If you've been on the socials this past year, you've likely seen ads and testimonials from people proclaiming the glory of data annotation work. What this is, in many cases, is reviewing what AI generates in terms of search engine results, answers to user questions (users being anyone who uses the internet), or creating questions that tests the AI's skill in answering to the degree required by the parameters set. (They may want a chatty answer, a brief and pithy answer, etc.) Do I like AI? No. But it's now our reality, and I need to supplement my income. I decided that my principles had to give way to the need to pay my bills.


Early in 2024, I saw these ads and as someone who has a solid command of the English language most days, a university degree and 40+ years of working experience in a variety of media, I felt confident that I could at least give this a shot. Here's what happened.


 

Round 1: DataAnnotation.tech This place looked promising. Fill out an application, pass some tests, and then get work at $20/USD an hour that you can do whenever you have spare time. PERFECT FOR ME. As you can see above, I filled out the assessment, passed the first test, and then completed the following tests. The message below has not changed since January 2024. No feedback, just crickets. From reading social media and Reddit posts written by others who applied`, this is a common experience.

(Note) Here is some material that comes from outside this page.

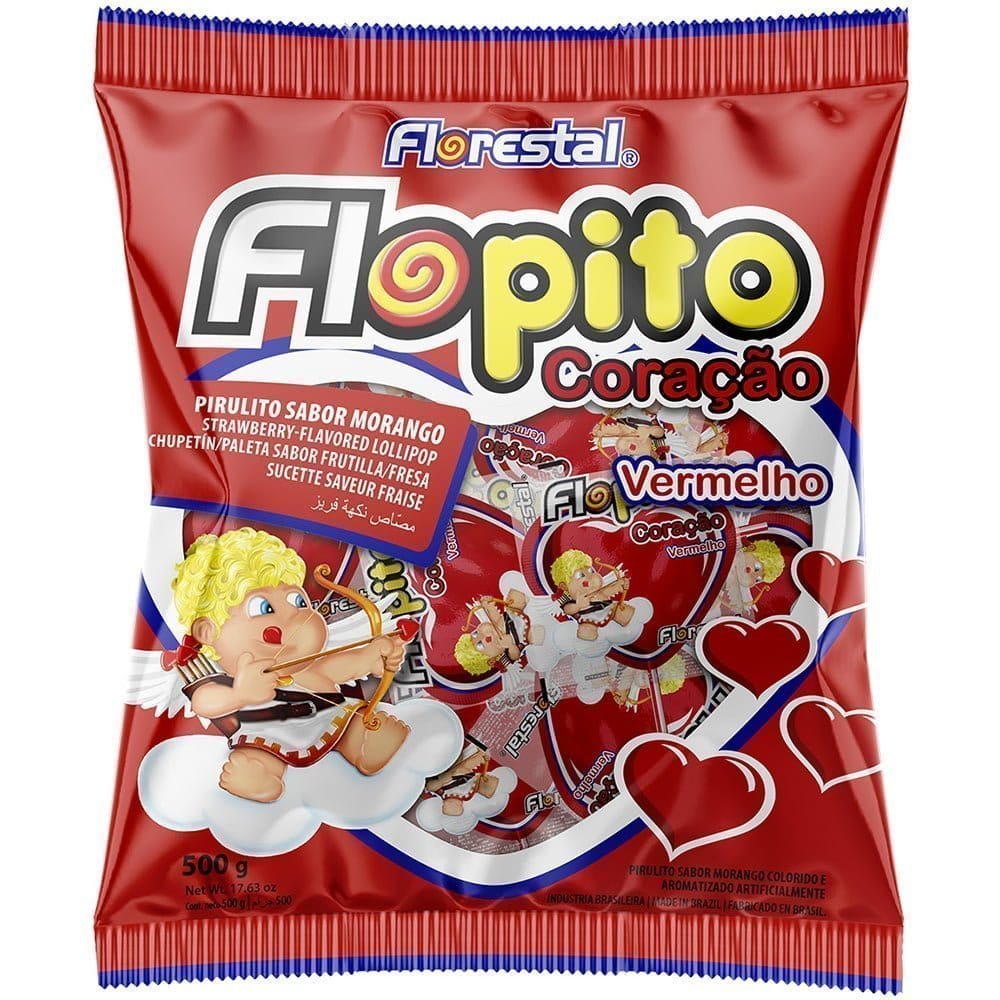 Pirulito Flopito Coração Vermelho Morango Florestal 500g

Lesson learned: The application process with this company and many others is fully automated. No human will ever contact you or, most likely, ever review your work. If it doesn't pass the bot's requirements, you're dead to them. Never made a cent.


 

Round 2: Outlier.ai

I got further with Outlier, and I messed this one up totally on my own.


The position was to create detailed and challenging prompts for AI to answer, or reviewing answers to other's prompts that AI generated. I got quite far in the evaluation process and though I found the work difficult at times (generating prompts in areas I am not skilled in, like anything related to mathematics, had my neurodivergent brain in knots), I did my best. However, I ran into a bug on Outlier's site where, despite inputting 2-3 long paragraphs to fulfill the query, after submitting it, it would fail because the website somehow dropped everything but the first 1 or 2 sentences. I reported it to my supervisor, and – instead of waiting to hear what to do next – I kept trying to submit my answers, which I would type in a text editor so I wouldn't lose them again. Of course this never worked. Why did I think it would?


ADHD is cruel sometimes in what it tells you you must do. The continued fails made human reviewers flag me as too stupid to continue (and I can't blame them), and I was kicked off the program. 100% my fault. And heartbreakingly, I was paid for my work till I was let go. More than $300usd.

I wrote the Supervisor, apologized for how I'd handled things, and asked if there was anything I could do. He told me that some assignments aren't a fit and just wait; there would likely be new assignments to take on in the future.


There haven't. I expect there never will be.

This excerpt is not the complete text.